This discusses running a sane variety of Linux ‘container’ under SGE. It covers the simple single-node case but also running multi-node MPI. The latter isn’t as straightforward as the propaganda suggests.
Container Sanity, and Otherwise
“I want to run Docker containers under SGE.” No, you don’t — really; or at least your clued-up system manager doesn’t want that. It just isn’t sane on an HPC system, or probably more generally under resource managers similar to SGE. (That said, see bdocker.)

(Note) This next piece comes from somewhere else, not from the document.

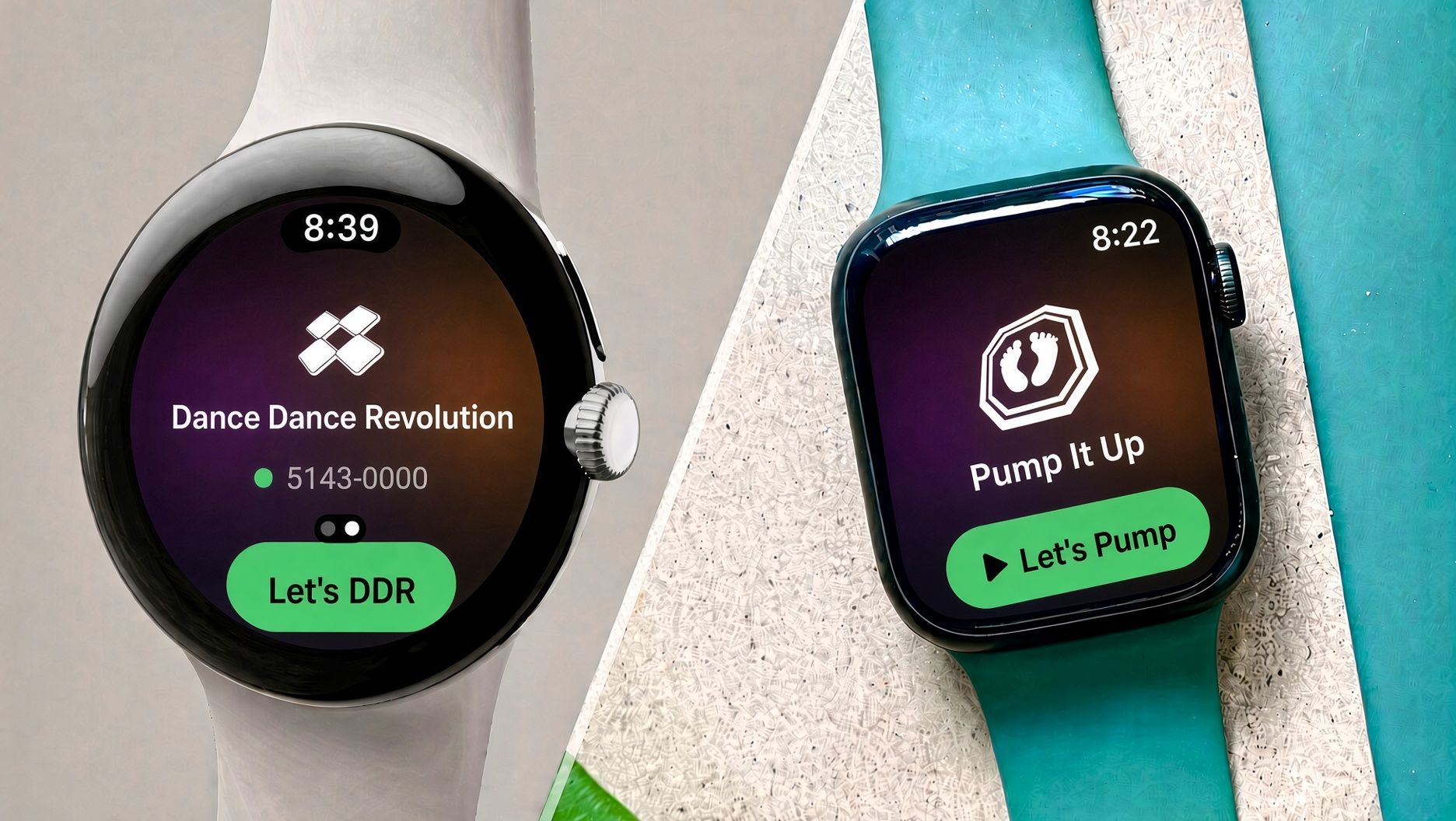Upscore on a Wear OS watch with the Let's DDR start button and on an Apple Watch with the Let's Pump start button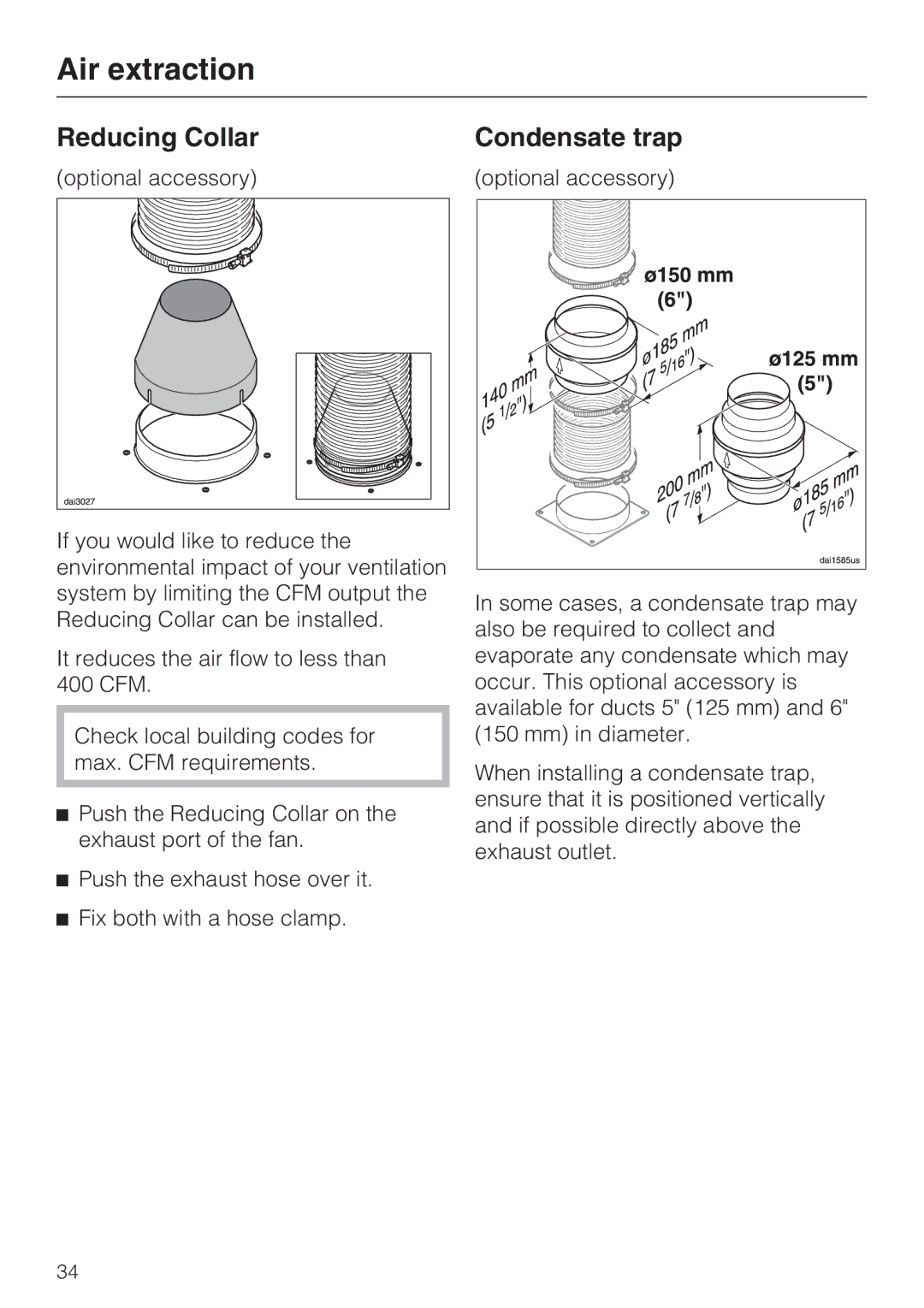 Miele DA 6590 W, DA 6520 W installation instructions Reducing Collar, Condensate trap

The short story is that (at least currently) Docker uses a privileged system daemon, through which all interaction happens, and using it is essentially equivalent to having root on the system. Other systems, like rkt, at least make that explicit, e.g. starting the containers from systemd. Apart from security issues, consider the implications for launching, controlling, and monitoring containers[1] compared with just exec’ing a program as normal in an appropriate resource allocation, especially if distributed parallel execution is involved.
Apart from requiring privileges, most ‘container’ systems at least
default to a degree of isolation inappropriate for HPC, and may have
other operating constraints (e.g. running systemd ☹). What we really
want is the moral equivalent of secure, unprivileged chroot
ing to an
arbitrary root, with relevant filesystem components and other
resources visible.
Fortunately that exists. In addition to the following, see the
userspace alternatives below.
The initial efforts along those lines were NERSC’s
CHOS and
Shifter
which require particular system configuration support, providing a
limited set of options to run.[2] Now
Singularity provides the chroot
-y
mechanism we want, though the documentation doesn’t put it like that.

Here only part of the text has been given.